Most international hotel chains focus on Dublin, but market leaders Best Western, Carlson Rezidor and Choice Hotels also offer properties in secondary locations like Cork, Galway, Limerick and Sligo. With little new supply in the pipeline, travelers will face rising rates and limited availability in 2016.

Dublin is Ireland’s primary air travel market, and airport traffic grew 15% in the first half of this year. Low-cost carriers Ryanair and Aer Lingus dominate supply, together accounting for 75% of departures. International Airlines Group’s recent takeover of Aer Lingus may see it exploit the airport’s U.S. pre-clearance facility, to develop Dublin further as an alternative to London for connections between Europe and North America.


  • Ireland’s low corporate tax rate and flexible labor market helps it attract investment from the finance, pharmaceuticals and information technology sectors.
  • The weak euro is helping Irish firms secure new export business, particularly to the U.K. and U.S.
  • As households make progress paying off debts—particularly mortgages—their increased spending power sets the stage for more business investment in production.


  • Ireland remains an expensive place to do business.

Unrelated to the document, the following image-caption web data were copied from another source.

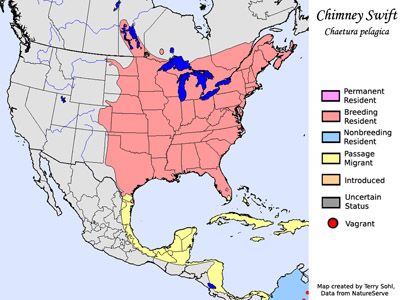 Chimney Swift - Range Map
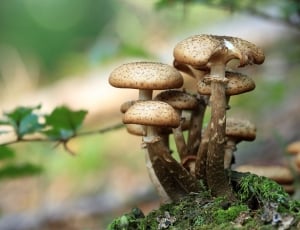 brown mushroom during daytime thumbnail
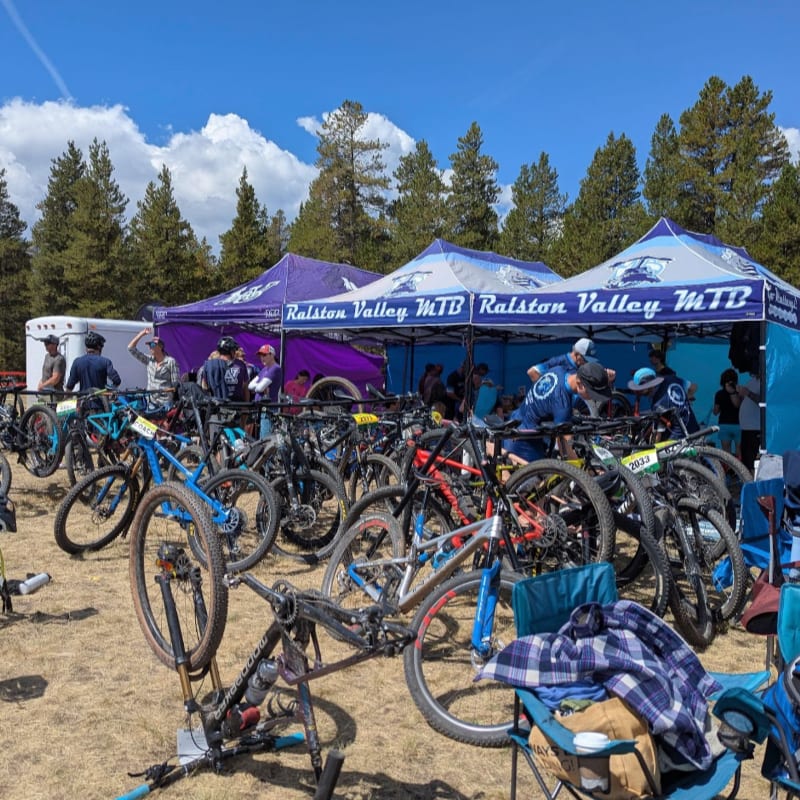 Mountain bikes are lined up in front of tents at an outdoor event, with a forest and blue sky in the background.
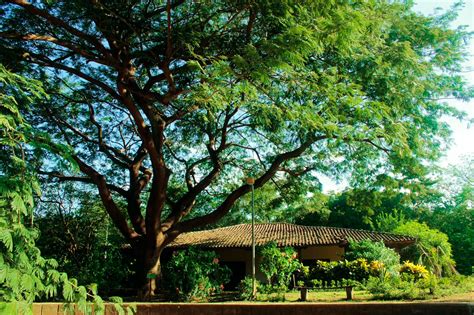 Things to do near jardin botanico atlantico. Jardín Botánico Ambiental Unan-León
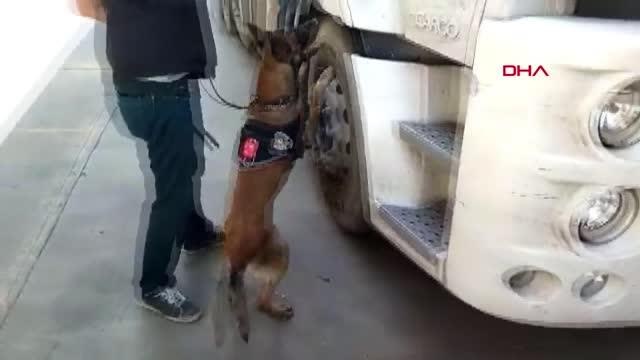 KAMYONDAKİ UYUŞTURUCU HAPLARI NARKOTİK KÖPEĞİ 'HARLEY' BULDU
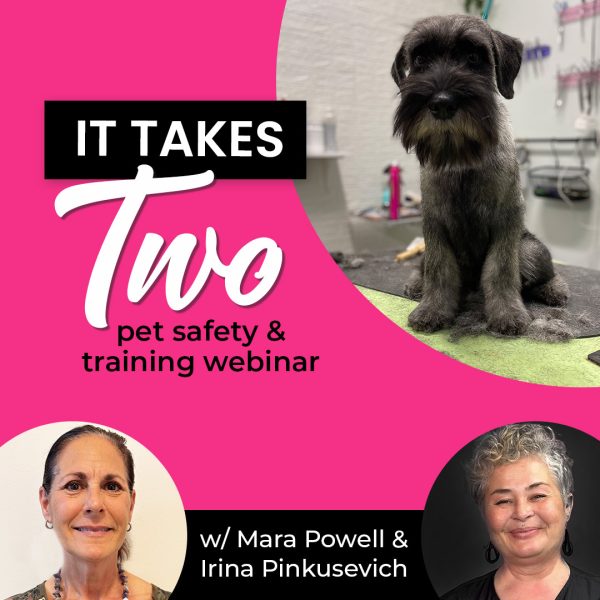 It Takes Two Pet Training Webinar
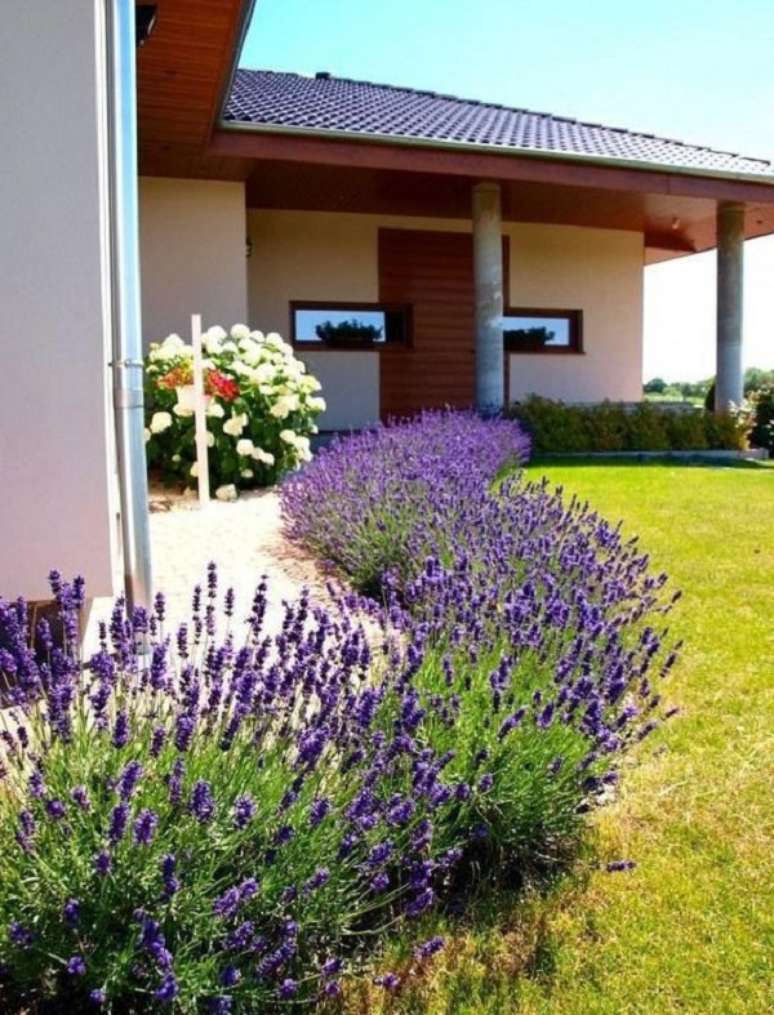 2. Aprenda como plantar lavanda no ch&atilde;o do jardim de casa &ndash; Foto Tudo Especial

As economic conditions improve, wages are rising, and this could hurt the country’s ability to attract new business investment. Ireland moved up just one place in the latest World Economic Forum competitiveness index, edging ahead of Saudi Arabia to 24th place.
  • The country’s banking sector has yet to fully recover from the financial crash, and this limits the availability of credit.
  • With around 17% of exports destined for the U.K., the prospect of a U.K. exit from the European Union is creating some nervousness among investors.